**What is needed:** Here the job is to transcribe the data verbatim while leaving each picture out.

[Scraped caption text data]
*** Begin section ***
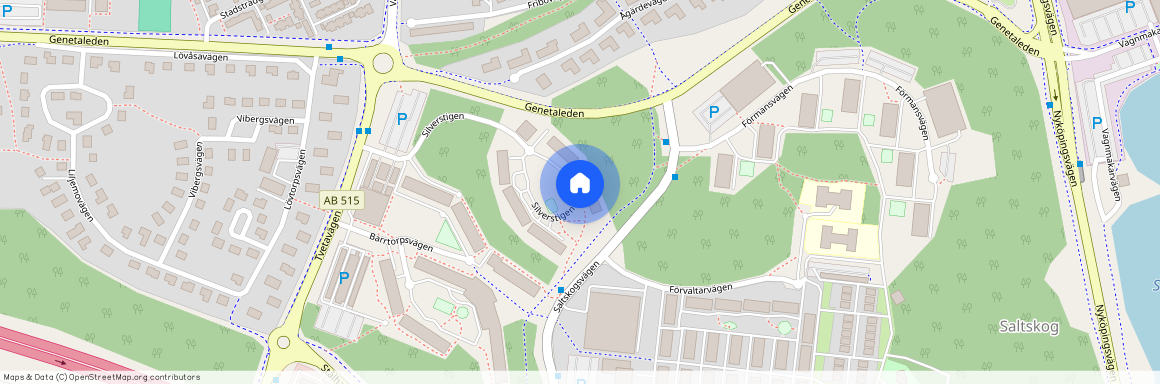 Saltskog, Södertälje, Stockholm, Silverstigen 7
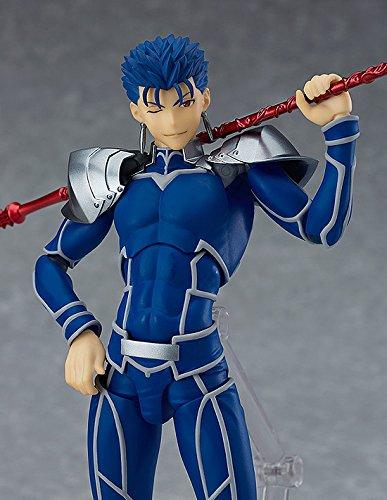 Max Factory Figma Fate/Grand Order Lancer/Cu Chulainn Non-scale ABS&PVC Painted Movable Figure SEP178671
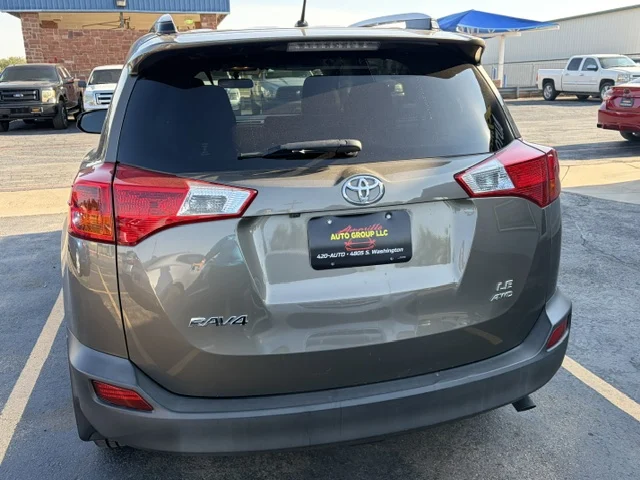 2014 TOYOTA RAV4 Standard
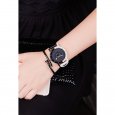 Men Women Watch Black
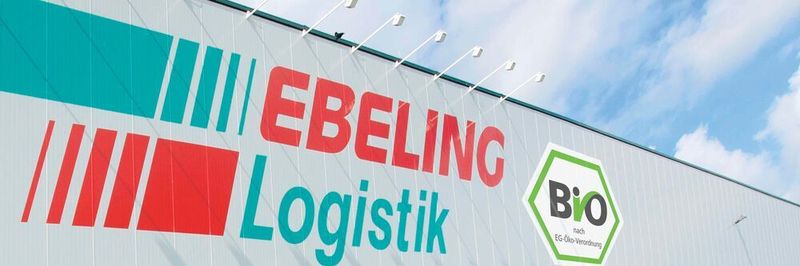 Ebeling Logistik darf in Halle 5 am Standort in der Wedemark nun ganz offiziell Bio-Produkte lagern.
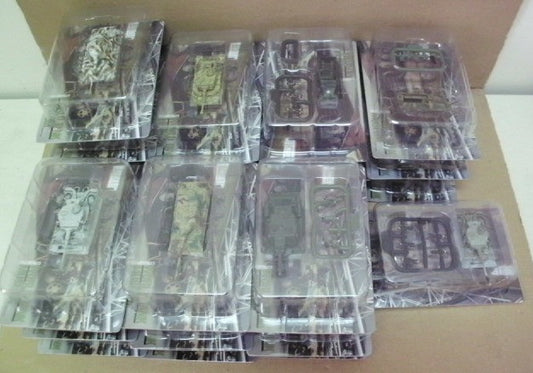 Takara 1/144 WTM World Tank Museum Panzer Tales Series 05 22+1 Secret 23 Figure Set Used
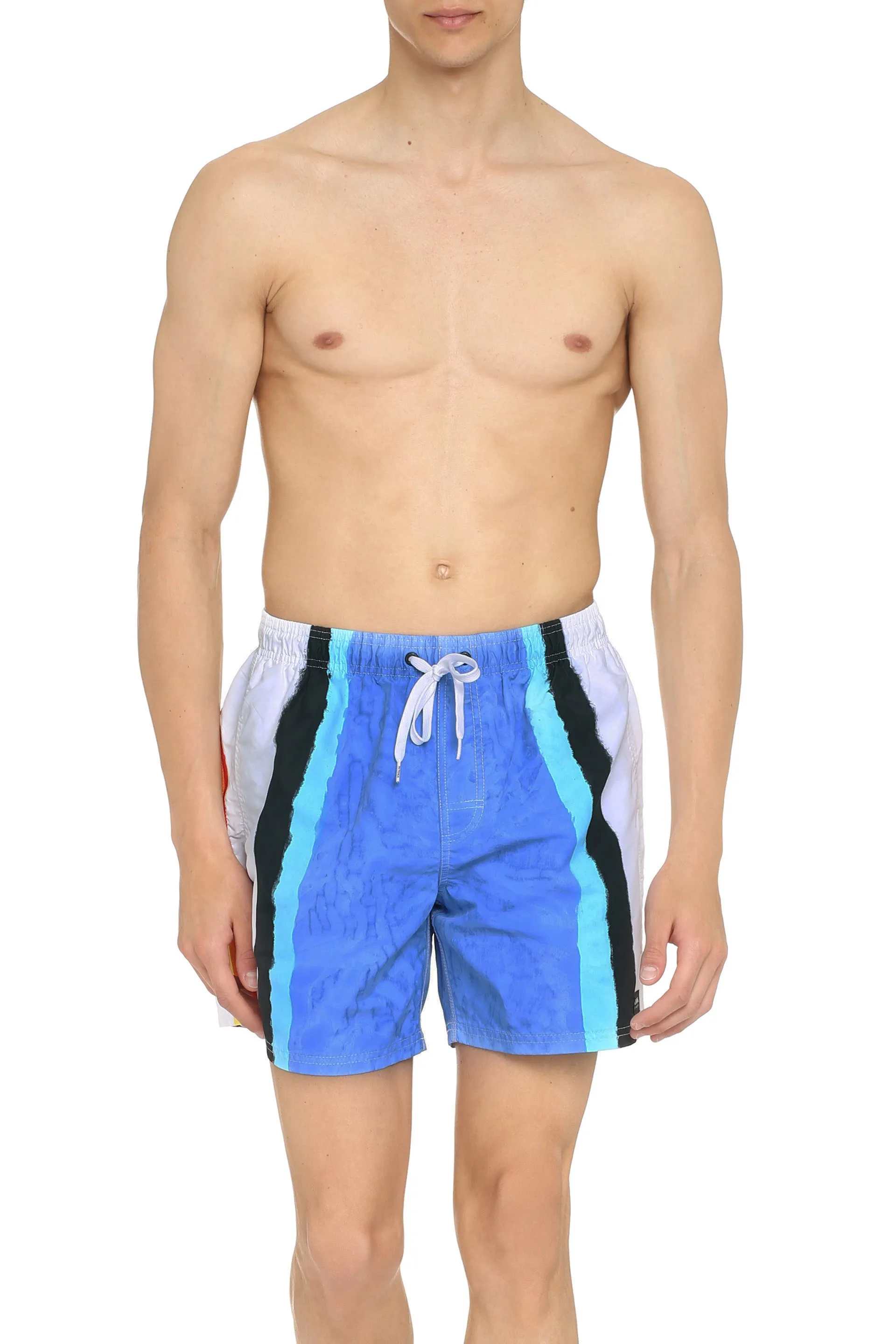 Printed swim shorts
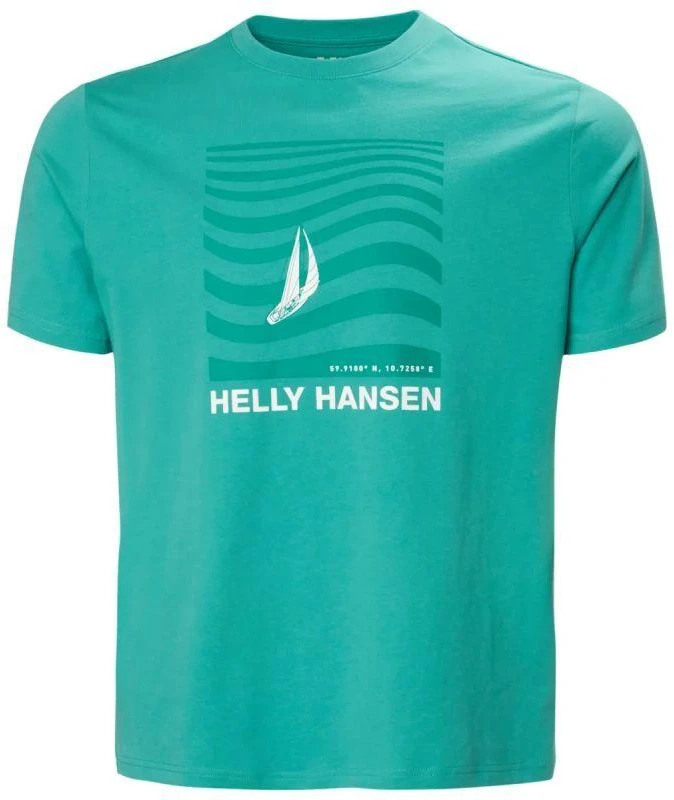 Helly Hansen vyriški marškinėliai SHORELINE T-SHIRT 3.0 54601 472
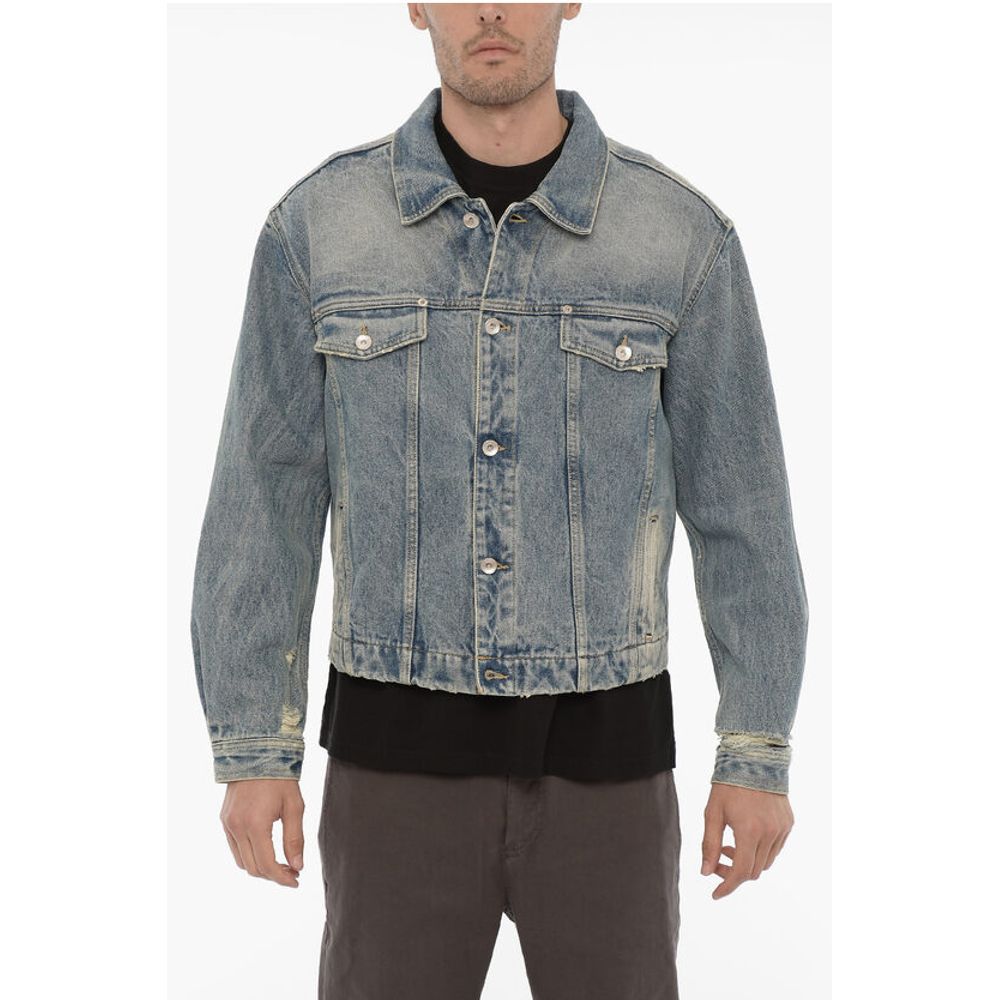 1989 Studio Denim Jacket with Logoed Buttons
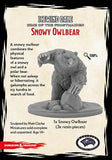 dungeons and dragons Snowy Owlbear
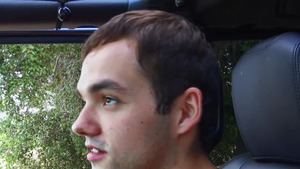 Str8 Chaser: Marcus Gets Dirty in a Stranger's Car for a Ride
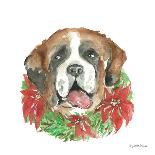 Christmas Pup-Jessica Mingo-Art Print
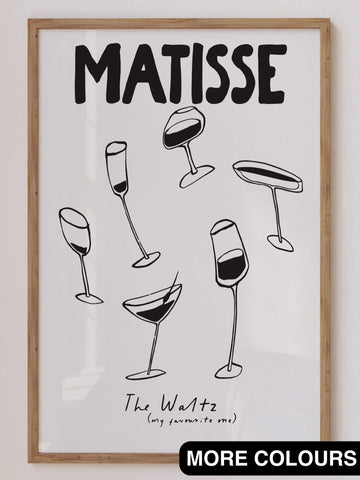 The Waltz Matisse Print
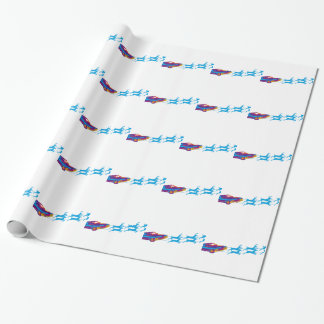 Very Supernaturnal Christmas Wrapping Paper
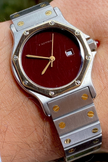 Vintage Cartier Santos Octagon 2966 18K & Steel Automatic 29mm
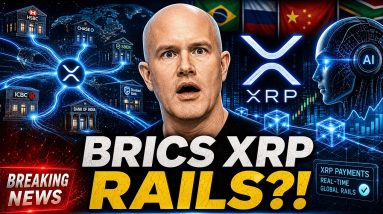 XRP RUNNING ON BRICS RAILS? - CRYPTO & AI REVOLUTION IS HERE! - FLR ALTSEASON CONSERVATIVE PRICE?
*** End section ***
**Expected output:**
 Saltskog, Södertälje, Stockholm, Silverstigen 7
 Max Factory Figma Fate/Grand Order Lancer/Cu Chulainn Non-scale ABS&PVC Painted Movable Figure SEP178671
 2014 TOYOTA RAV4 Standard
 Men Women Watch Black
 Ebeling Logistik darf in Halle 5 am Standort in der Wedemark nun ganz offiziell Bio-Produkte lagern.
 Takara 1/144 WTM World Tank Museum Panzer Tales Series 05 22+1 Secret 23 Figure Set Used
 Printed swim shorts
 Helly Hansen vyriški marškinėliai SHORELINE T-SHIRT 3.0 54601 472
 1989 Studio Denim Jacket with Logoed Buttons
 dungeons and dragons Snowy Owlbear
 Str8 Chaser: Marcus Gets Dirty in a Stranger's Car for a Ride
 Christmas Pup-Jessica Mingo-Art Print
 The Waltz Matisse Print
 Very Supernaturnal Christmas Wrapping Paper
 Vintage Cartier Santos Octagon 2966 18K & Steel Automatic 29mm
 XRP RUNNING ON BRICS RAILS? - CRYPTO & AI REVOLUTION IS HERE! - FLR ALTSEASON CONSERVATIVE PRICE?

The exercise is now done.